I’m tired of watching children perish. I’m tired of watching the world grind up gentle people. I’m tired of outliving those I shouldn’t be outliving. I’ve made books my life because they let me escape this world of cruelty and savagery. I needed to say that out loud to somebody other than my cats. Please take care of yourselves, my young friends.
What happens: Dill’s dad is a grade-A nut job. He’s a former Pentecostal preacher currently serving jail time for possession of child pornography. Dill’s mom works constantly to make ends meet and is basically absent from his life. It’s Dill’s friends, Lydia and Travis, who help him get through life in a tragically small southern town. But their lives aren’t perfect either. Lydia is destined for the big city fashonista life and Travis is a fantasy nerd who carries a staff everywhere he goes. He also has a bad home life. This book is a little hard to sum up because it’s so character driven. Some things happen but the meat of the book is in the relationships that exist between the characters.

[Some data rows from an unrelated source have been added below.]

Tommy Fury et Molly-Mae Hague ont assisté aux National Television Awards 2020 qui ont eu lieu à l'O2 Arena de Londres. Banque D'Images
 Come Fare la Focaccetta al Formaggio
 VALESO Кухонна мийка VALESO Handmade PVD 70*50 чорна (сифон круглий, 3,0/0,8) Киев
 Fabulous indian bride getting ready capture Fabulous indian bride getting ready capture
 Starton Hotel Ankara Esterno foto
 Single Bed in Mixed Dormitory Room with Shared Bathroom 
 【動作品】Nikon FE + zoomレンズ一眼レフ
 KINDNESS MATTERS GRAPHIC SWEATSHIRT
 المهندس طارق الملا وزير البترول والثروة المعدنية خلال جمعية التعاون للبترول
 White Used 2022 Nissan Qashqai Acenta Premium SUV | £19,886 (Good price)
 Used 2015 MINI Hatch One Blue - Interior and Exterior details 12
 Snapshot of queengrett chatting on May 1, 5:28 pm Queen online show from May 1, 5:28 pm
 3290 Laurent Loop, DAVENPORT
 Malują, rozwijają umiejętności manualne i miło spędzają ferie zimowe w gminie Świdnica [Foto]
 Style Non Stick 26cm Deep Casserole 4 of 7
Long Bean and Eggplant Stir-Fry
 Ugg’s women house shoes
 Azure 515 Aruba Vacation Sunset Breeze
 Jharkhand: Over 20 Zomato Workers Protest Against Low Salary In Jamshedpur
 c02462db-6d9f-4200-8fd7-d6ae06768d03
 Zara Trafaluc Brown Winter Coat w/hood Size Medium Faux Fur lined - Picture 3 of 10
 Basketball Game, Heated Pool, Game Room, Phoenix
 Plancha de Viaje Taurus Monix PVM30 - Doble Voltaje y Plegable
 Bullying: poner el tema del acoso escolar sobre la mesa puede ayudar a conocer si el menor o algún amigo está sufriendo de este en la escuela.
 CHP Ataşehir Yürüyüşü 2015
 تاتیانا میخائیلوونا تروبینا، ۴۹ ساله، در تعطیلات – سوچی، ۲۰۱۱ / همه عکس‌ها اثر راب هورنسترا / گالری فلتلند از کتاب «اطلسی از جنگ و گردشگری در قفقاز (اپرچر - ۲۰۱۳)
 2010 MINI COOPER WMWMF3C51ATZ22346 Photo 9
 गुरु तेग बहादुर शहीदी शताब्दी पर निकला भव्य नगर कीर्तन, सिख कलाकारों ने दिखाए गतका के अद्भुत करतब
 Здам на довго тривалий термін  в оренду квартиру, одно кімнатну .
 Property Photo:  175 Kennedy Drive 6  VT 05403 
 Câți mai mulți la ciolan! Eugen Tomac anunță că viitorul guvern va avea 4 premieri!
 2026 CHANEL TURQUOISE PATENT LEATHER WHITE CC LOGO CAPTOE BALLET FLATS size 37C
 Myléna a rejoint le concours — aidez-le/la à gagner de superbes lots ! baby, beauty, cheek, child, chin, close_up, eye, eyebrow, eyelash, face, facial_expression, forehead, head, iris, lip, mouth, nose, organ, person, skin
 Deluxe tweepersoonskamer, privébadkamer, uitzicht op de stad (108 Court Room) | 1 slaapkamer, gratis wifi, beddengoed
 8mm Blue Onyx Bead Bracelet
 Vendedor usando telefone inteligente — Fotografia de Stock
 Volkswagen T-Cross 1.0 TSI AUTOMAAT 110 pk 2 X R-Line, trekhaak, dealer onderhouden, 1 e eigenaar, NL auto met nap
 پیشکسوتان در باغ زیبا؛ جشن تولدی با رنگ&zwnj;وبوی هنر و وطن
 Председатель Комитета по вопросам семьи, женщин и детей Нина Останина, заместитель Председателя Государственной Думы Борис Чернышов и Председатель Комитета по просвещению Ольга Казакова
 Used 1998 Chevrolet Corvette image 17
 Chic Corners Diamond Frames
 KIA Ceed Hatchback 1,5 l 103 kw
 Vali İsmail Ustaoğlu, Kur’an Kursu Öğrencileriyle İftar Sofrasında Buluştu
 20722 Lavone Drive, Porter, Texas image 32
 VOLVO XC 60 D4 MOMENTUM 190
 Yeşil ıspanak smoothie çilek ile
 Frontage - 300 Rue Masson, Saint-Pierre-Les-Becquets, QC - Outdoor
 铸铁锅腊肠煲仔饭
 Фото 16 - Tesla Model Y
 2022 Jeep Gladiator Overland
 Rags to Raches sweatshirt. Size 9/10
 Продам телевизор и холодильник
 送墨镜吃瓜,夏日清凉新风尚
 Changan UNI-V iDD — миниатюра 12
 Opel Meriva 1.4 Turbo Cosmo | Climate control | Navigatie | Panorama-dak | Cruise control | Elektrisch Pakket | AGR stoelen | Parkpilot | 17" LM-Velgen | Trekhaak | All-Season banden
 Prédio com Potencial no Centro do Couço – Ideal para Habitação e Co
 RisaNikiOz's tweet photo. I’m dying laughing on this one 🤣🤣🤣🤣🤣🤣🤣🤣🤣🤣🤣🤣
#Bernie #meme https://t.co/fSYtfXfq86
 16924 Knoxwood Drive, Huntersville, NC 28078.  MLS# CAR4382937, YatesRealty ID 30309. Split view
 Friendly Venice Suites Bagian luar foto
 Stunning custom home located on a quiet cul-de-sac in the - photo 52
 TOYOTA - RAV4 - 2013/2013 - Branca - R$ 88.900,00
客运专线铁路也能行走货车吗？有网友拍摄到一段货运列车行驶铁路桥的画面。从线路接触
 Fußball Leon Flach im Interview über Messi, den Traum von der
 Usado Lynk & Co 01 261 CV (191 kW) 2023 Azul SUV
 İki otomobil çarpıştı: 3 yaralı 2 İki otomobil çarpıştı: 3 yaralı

The good: I grew up in East Tennessee not far from where this book takes place. Although the town in the book is fictional, it could just as easily be set in the town where I spent 4th-6th grade (Rockwood, in case you’re wondering) and it reminds me a lot (like, a lot a lot) of a little town called Sparta. Anyway, this book is very easy for me to relate to. That said, I don’t think you had to have grown up in this area of the country to connect with. There’s something here for everyone. Have a parent or a family with a weird legacy that you’re trying to outrun? Check! Do you feel like you’re destined for much more greatness than your small hometown has to offer you? Check! Are you a little weird and find it easier to connect with friends on the internet than people in your day to day life? Check! We’ve got the rich kids with stable families, the poor kids with very unstable home lives, and those who fall somewhere in between with dark secrets that nobody sees. We have people who have done very bad things and people who do very good things. I think there’s something for everyone in this book.
The not so good: This is harder for me to answer. When I finished the book, I immediately went to Goodreads and slammed down a 5 star rating. But the more I thought about it and the further removed from my initial emotional response, the more I realized that the book, as great as it is, has some flaws. It’s okay, pretty much all books do! My main issues with the book stem from its pacing. There are a few points in the novel at which I felt like things were going a little too slow and then parts that I felt were rushed. There were also some plot points that felt like they were only introduced to serve as a bridge to a later plot point and didn’t actually add much to the story. I think this is likely due to the fact that this is Zentner’s first novel.
Rating: 4.75/5 stars.
Citation: Zentner, Jeff. The Serpent King. Crown Books for Young Readers, 2016.